One thought that occurs: if the hits are in infrequent bursts could it be games-players or botnets? There are some odd sites out there and I know we've been hit by off-line players (esp tv quizzes) in the past searching for answers. Is it possible some online game site has incited users (possibly via installation of software) to use a google referer to allay suspicions? Probably not but it might be something similar. We've often seen botnets hitting through random compromised zombies, different IP on each hit, so it may be something similar to that. A bit odd using google as a referer, though.

Of course, it could be google log-spamming via zombies. :)

Or even MS mounting a smear campaign! :)

incrediBILL

10:18 pm on Nov 7, 2008 (gmt 0)

WebmasterWorld Senior Member 10+ Year Member Top Contributors Of The Month



The proper referrer from Google will always start with "http://www.google.com/" so blocking "http://google.com/" is perfectly valid best I can tell.

I'm not interested in the visitor anyway.

Redirect them to my server, I'll bet their money is still green.

dstiles

12:55 am on Nov 8, 2008 (gmt 0)

WebmasterWorld Senior Member 10+ Year Member Top Contributors Of The Month



I think blocking the exact referer text ^http://www.google.com/$ should be safe enough.

Who hits "lucky" if they are seriously looking for products or information?

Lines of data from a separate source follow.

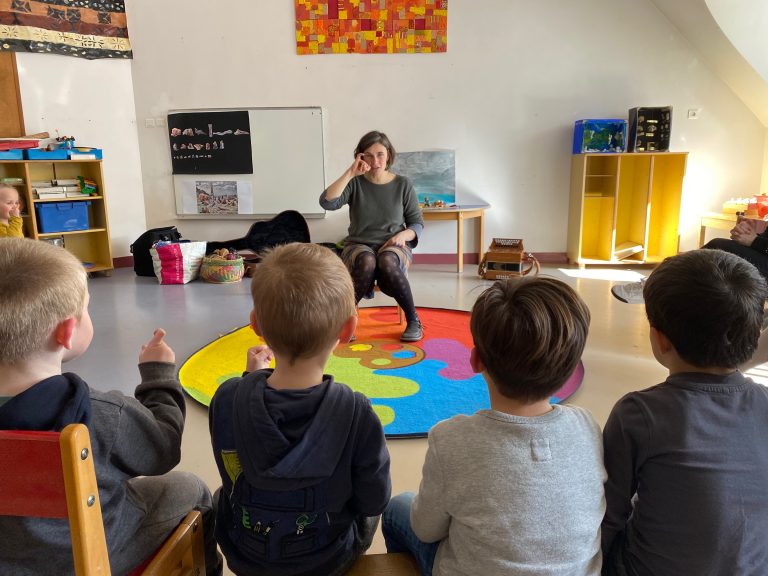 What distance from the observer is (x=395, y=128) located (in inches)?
207

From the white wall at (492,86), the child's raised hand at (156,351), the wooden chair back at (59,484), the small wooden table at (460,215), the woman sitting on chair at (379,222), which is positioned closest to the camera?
the wooden chair back at (59,484)

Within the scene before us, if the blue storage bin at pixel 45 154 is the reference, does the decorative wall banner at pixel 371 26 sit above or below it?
above

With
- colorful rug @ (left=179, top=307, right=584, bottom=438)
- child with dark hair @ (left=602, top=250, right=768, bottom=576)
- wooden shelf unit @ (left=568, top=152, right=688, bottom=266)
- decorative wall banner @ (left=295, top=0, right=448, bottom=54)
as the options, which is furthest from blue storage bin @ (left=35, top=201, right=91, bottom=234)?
child with dark hair @ (left=602, top=250, right=768, bottom=576)

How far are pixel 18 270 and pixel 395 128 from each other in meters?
4.69

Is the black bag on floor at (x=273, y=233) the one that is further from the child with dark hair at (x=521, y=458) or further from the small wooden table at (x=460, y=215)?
the child with dark hair at (x=521, y=458)

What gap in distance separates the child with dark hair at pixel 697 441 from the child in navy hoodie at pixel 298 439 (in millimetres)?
412

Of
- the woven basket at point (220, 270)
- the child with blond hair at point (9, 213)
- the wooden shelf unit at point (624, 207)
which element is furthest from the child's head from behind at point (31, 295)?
the wooden shelf unit at point (624, 207)

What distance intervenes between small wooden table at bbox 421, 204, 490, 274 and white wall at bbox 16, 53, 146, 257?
2789 mm

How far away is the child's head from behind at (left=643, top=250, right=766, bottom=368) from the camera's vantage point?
2.98ft

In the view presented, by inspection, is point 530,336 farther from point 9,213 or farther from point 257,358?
point 9,213

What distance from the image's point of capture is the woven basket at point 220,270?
15.3 feet

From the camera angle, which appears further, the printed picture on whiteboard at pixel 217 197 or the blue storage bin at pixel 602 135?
the printed picture on whiteboard at pixel 217 197

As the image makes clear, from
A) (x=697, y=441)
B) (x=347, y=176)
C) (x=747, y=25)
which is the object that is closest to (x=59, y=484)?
(x=697, y=441)

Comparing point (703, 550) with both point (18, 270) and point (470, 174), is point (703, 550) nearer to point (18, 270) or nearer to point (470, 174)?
point (18, 270) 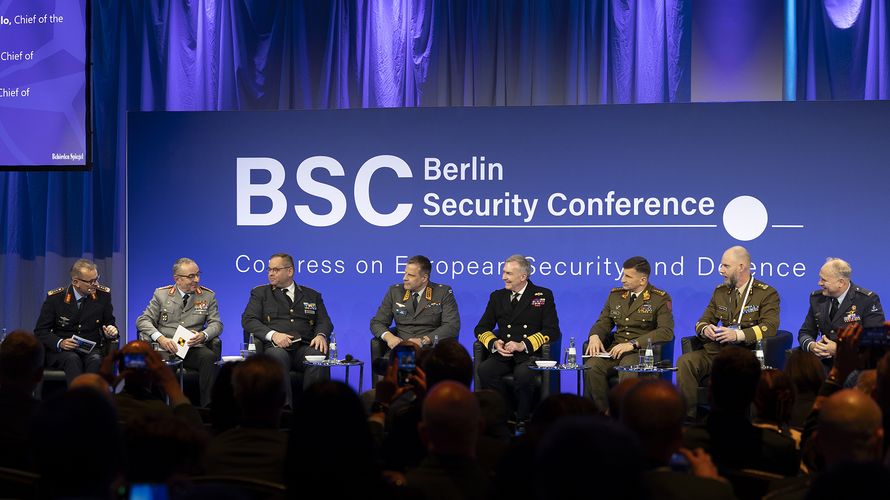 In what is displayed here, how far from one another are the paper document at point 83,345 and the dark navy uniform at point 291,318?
115 cm

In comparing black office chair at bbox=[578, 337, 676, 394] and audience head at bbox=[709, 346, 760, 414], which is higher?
audience head at bbox=[709, 346, 760, 414]

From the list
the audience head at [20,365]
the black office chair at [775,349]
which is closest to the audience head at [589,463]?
the audience head at [20,365]

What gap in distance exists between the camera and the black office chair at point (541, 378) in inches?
303

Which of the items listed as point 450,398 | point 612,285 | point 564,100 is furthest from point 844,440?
point 564,100

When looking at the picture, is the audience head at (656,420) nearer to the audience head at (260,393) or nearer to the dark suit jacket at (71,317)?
the audience head at (260,393)

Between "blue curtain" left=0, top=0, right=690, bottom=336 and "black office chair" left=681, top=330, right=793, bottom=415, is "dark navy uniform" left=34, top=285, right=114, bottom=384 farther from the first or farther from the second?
"black office chair" left=681, top=330, right=793, bottom=415

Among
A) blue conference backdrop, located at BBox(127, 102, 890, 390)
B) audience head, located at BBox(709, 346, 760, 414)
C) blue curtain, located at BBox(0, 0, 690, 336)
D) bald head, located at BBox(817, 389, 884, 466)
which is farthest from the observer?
blue curtain, located at BBox(0, 0, 690, 336)

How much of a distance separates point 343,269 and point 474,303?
3.86 feet

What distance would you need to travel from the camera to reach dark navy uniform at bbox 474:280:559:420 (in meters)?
7.80

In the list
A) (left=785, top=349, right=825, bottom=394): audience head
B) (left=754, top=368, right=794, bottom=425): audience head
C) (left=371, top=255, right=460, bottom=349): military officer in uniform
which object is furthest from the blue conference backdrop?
(left=754, top=368, right=794, bottom=425): audience head

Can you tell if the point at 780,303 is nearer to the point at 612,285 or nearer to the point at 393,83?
the point at 612,285

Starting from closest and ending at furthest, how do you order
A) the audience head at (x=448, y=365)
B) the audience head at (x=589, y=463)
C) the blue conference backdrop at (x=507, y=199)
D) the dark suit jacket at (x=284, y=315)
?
the audience head at (x=589, y=463) → the audience head at (x=448, y=365) → the dark suit jacket at (x=284, y=315) → the blue conference backdrop at (x=507, y=199)

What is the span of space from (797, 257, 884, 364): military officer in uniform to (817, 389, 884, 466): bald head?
4844mm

I wouldn't expect it to return anything sensible and so no "sale".

incrediBILL

1:00 am on Nov 8, 2008 (gmt 0)

WebmasterWorld Senior Member 10+ Year Member Top Contributors Of The Month



Considering I have a lot of #1 rankings, no way would I ever block "lucky".

Might as well just do this:

User-agent: Googlebot
Disallow: /

Seriously, if I showed you some of the insanity I often find on the web and the logic behind those that do it, you would reconsider.

Perhaps they just know you're the #1 result, didn't remember your domain, but know "lucky" will get back to your site without additional clicks and delays.

I've heard stranger things...

dstiles

9:00 pm on Nov 8, 2008 (gmt 0)

WebmasterWorld Senior Member 10+ Year Member Top Contributors Of The Month



To me it's always sounded like purely random chance so I've never considered it and certainly didn't think anyone would actually USE it! Certainly I've never heard any of my customers or colleagues trying it - and some of them do some really dumb things.

Having now tried it, it seems to redirect immediately to the top site. Which seems highly dangerous in today's world where compromised sites rate well in google.

I've taken your advice and removed the www version. When I get time I'll add a tracer instead of a block on it.